Row-level locks aren’t as simple
I tried to perform the same deep dive with row-level locks, but pg_locks
has some gotchas when it comes to row-level locks.
The row-level locks aren’t shown in the pg_locks
view because information on row-level locks are stored on disk, not in memory:
Although tuples are a lockable type of object, information about row-level locks is stored on disk, not in memory, and therefore row-level locks normally do not appear in this view. If a process is waiting for a row-level lock, it will usually appear in the view as waiting for the permanent transaction ID of the current holder of that row lock.

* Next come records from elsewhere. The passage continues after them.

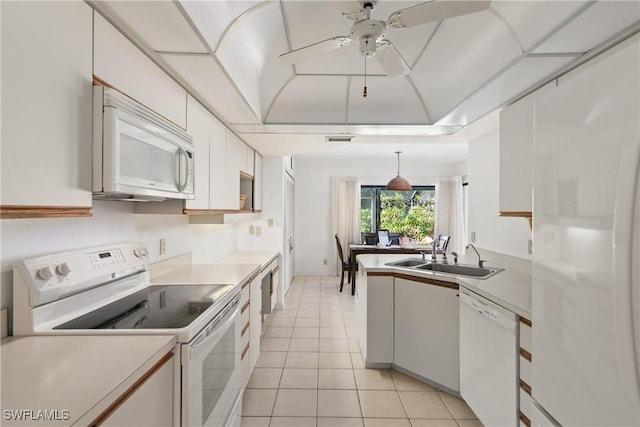 kitchen featuring white appliances, sink, and white cabinets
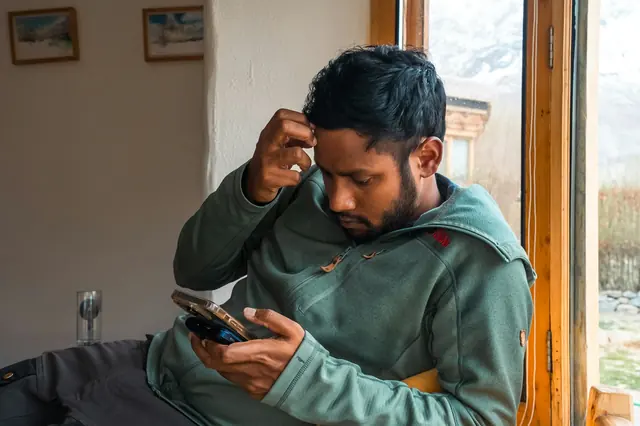 Mann schaut zu Hause nachdenklich auf sein Smartphone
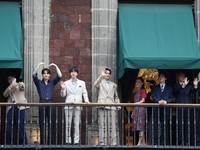 Mexico's President Claudia Sheinbaum and members of South Korean Kpop boy band BTS react as they stand on a balcony of the National Palace ahead of a series of concerts on the BTS World Tour "Arirang" in Mexico City, Mexico, May 6, 2026. REUTERS/Luis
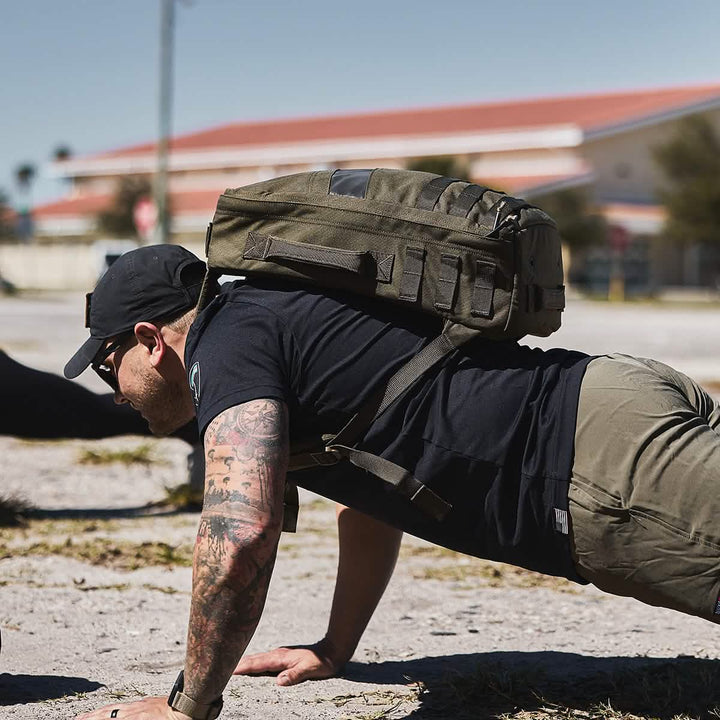 A person wearing GORUCK's Rucker 4.0 in casual outdoor gear is doing push-ups on the sand with a large green rucksack under a clear sky.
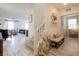 Inviting foyer with light wood-look floors and staircase, complemented by a stylish bench and decor at 8432 Alder Rain St, Las Vegas, NV 89113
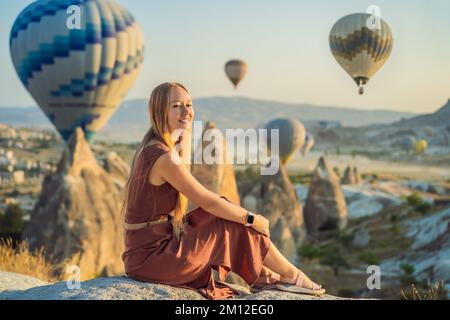 Donna turistica che guarda mongolfiere in Cappadocia, Turchia. Buon viaggio in Turchia concetto. Donna in cima a una montagna che gode di una vista meravigliosa Foto Stock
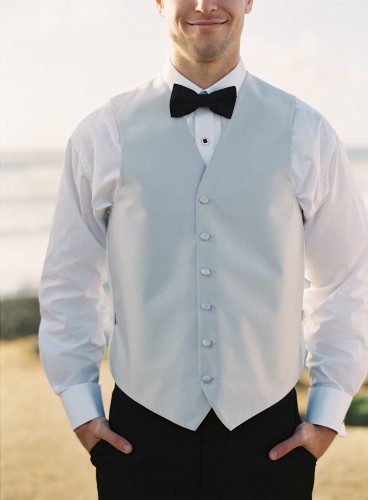 bridegroom in grey waistcoat with black tie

That’s exactly what was going on: I kept seeing locks of type transactionid
show up in pg_locks
instead of type tuple
, and it confused the heck out of me. These links found via Google definitely helped:
- https://www.postgresql.org/message-id/201.1274157039%40sss.pgh.pa.us
- https://dba.stackexchange.com/a/216479
- https://postgrespro.com/blog/pgsql/5968005#:~:text=PostgreSQL stores information,a little later.
Tools I used
The only tool necessary for this was DBeaver, an amazing open source DB management tool that I use almost daily. Highly recommend!
Some DBeaver TILs I encountered while writing this post:
- DBeaver has variables!
- By default, a new connection is opened every time a new editor is opened.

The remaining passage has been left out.